Individualized learning at Episcopal School of Baton Rouge means meeting the students where they are in the lesson, in the lab or in life. This personal approach to learning is designed to take advantage of a student’s strengths and help them improve upon their weaknesses. A perfect example of the power of individualized learning is the magic that is happening in the Math Department.
“We want to challenge students as much as we can as long as it’s appropriate.” Stephen Anderson, an Episcopal alumnus and Math Department Chair, says this department philosophy equates to great things for students.
As early as fifth grade, math teachers begin to identify which students have a proclivity for advanced studies. These are the students with a conceptual understanding and procedural fluency for math, combined with a desire and hunger for learning.

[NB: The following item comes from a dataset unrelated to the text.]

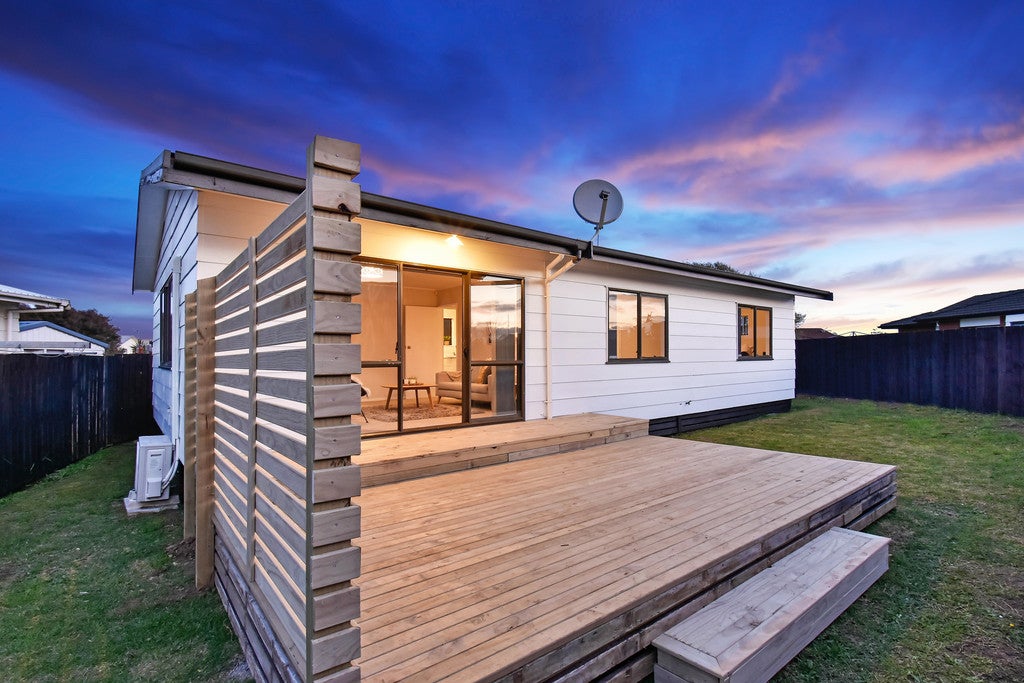 2/7 Volta Place, Clendon Park, Auckland - Carousel 12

Once a student’s math aptitude is summed up, teachers put their heads together to develop a mathematics pathway that fits.
“We want every kid to have the best opportunity possible,” says Anderson. This may mean a student takes Honors Geometry in eighth grade, Algebra I as a freshman or even Calculus BC in tenth grade. If there are enough sixth graders ready for seventh grade math – teachers create a special section just for them. If there is a freshman ready for Honors Pre-Calculus – teachers provide it. If a student has exhausted what is thought of as “high school math” – teachers create an advanced class or offer an independent study. As a result of this desire to meet students where they are, the depth of courses offered has increased and the math range has skyrocketed among students.
Much planning and open communication is needed to truly be successful with this level of individualized learning. This year Middle School math teachers are teaching more than one grade level, which provides them a comprehensive understanding of where individual students are in their learning journey. In addition, one-on-one meetings are conducted between students and teachers to discuss strengths, weaknesses and where the student wishes to go next. Anderson says if a student attempts an advanced math path and finds that it is not for them they can simply rework the plan. He says teachers are always thinking big picture and long-term for students and ultimately want to make sure they provide the appropriate opportunities at the right time.
Duke TIP research shows that 20% to 40% of students perform above grade level in reading and between 11% and 30% perform above grade level in math. How to challenge these students is a struggle for schools nationwide. Episcopal’s ability to create individualized learning opportunities for students has proven to be a great solution. Students are taught to their potential and pushed further than even they might have imagined.
In the end, this take on learning amounts to tremendous benefits for students. Because the material is interesting and challenging they are more engaged and enjoy the learning experience more. Being able to learn at their own pace, also gives students an advantage later on. For example, Anderson says students may enter university with enough math credits to jump right into sophomore level work, while others may not even need math at all depending on their major. He says it’s usually once a student enters the post-secondary world that this hits home for them. It’s at this point that students may reach out to former teachers with a word of thanks for personalizing their experience.
Individualized learning is a hallmark of an Episcopal education. No matter the path our students travel, we want to provide them the right lessons for where they are and the path that they choose.